▸ Exercise aim
The response must be the exact lines from the line holding "a bed with four" through the end of the entries, with no pictures and nothing else.

▸ Short descriptive text snippets
___

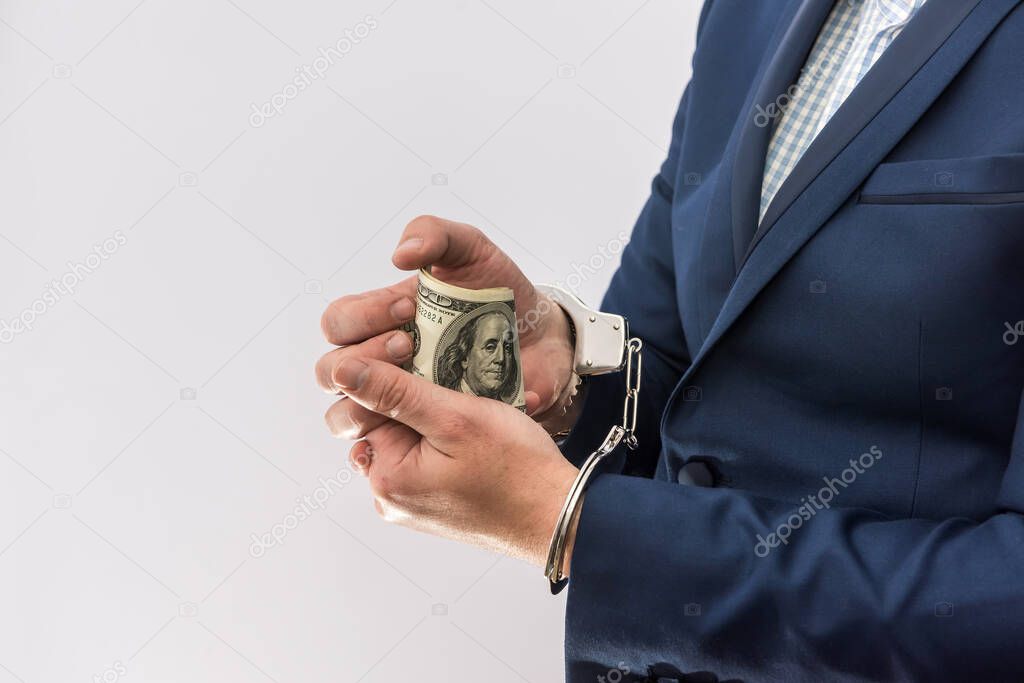 Bribe and corruption areest man who hold dollar in hand cuff, isolated. Crime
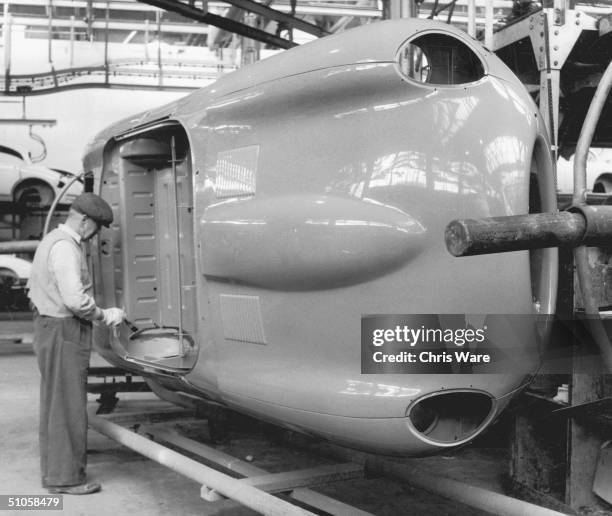 Worker touches up the paintwork on an E-Type Jaguar body shell at the company's Coventry works, 25th May 1961.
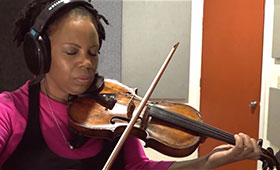 A woman in a recording booth closes her eyes and wears headphones as she plays a violin.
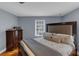 Bedroom featuring a king-size bed, a wooden headboard, and a dresser at 1700 Bailey Creek Sw Rd, Conyers, GA 30094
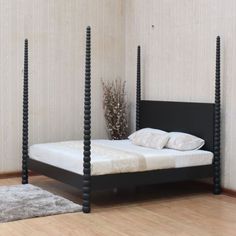 a bed with four posts in a bedroom next to a rug and wooden flooring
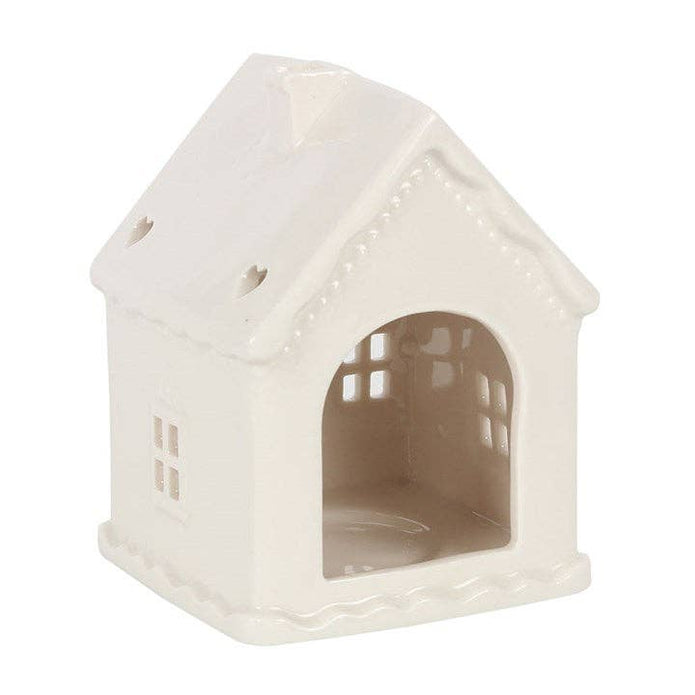 White Christmas gingerbread house tealight candle holder with festive holiday design, ideal for Christmas decor and cozy ambiance.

___

▸ Exercise response
 a bed with four posts in a bedroom next to a rug and wooden flooring
 White Christmas gingerbread house tealight candle holder with festive holiday design, ideal for Christmas decor and cozy ambiance.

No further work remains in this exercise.